▶ [TASK OBJECTIVE] Output every line of the entries from the line containing "Truien - Colourblocking trui met mohair" through the last, exactly, with no other content.

*** DATA FOR PROCESSING Section Begins ***

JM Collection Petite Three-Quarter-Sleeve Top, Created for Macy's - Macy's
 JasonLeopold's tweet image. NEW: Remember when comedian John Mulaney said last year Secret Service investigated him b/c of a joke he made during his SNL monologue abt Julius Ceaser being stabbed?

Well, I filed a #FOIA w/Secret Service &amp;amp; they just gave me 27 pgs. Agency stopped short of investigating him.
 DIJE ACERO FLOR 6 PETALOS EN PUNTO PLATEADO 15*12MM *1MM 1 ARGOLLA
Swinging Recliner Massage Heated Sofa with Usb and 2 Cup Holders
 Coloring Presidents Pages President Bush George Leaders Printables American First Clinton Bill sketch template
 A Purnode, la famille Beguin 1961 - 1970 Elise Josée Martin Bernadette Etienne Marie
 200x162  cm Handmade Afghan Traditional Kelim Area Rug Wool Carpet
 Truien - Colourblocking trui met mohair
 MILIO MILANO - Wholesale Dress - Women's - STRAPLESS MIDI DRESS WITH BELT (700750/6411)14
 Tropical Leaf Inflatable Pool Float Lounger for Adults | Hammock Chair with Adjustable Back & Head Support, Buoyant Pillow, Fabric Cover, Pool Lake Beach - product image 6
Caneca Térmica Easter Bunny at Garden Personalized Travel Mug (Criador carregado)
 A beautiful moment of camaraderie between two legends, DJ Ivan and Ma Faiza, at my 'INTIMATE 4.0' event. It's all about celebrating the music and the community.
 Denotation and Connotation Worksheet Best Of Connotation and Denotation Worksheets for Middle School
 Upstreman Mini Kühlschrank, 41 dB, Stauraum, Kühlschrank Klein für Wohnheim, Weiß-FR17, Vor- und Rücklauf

*** DATA FOR PROCESSING Section Ends ***

▶ [RESULT FOR THIS EXERCISE]
 Truien - Colourblocking trui met mohair
 MILIO MILANO - Wholesale Dress - Women's - STRAPLESS MIDI DRESS WITH BELT (700750/6411)14
 Tropical Leaf Inflatable Pool Float Lounger for Adults | Hammock Chair with Adjustable Back & Head Support, Buoyant Pillow, Fabric Cover, Pool Lake Beach - product image 6
Caneca Térmica Easter Bunny at Garden Personalized Travel Mug (Criador carregado)
 A beautiful moment of camaraderie between two legends, DJ Ivan and Ma Faiza, at my 'INTIMATE 4.0' event. It's all about celebrating the music and the community.
 Denotation and Connotation Worksheet Best Of Connotation and Denotation Worksheets for Middle School
 Upstreman Mini Kühlschrank, 41 dB, Stauraum, Kühlschrank Klein für Wohnheim, Weiß-FR17, Vor- und Rücklauf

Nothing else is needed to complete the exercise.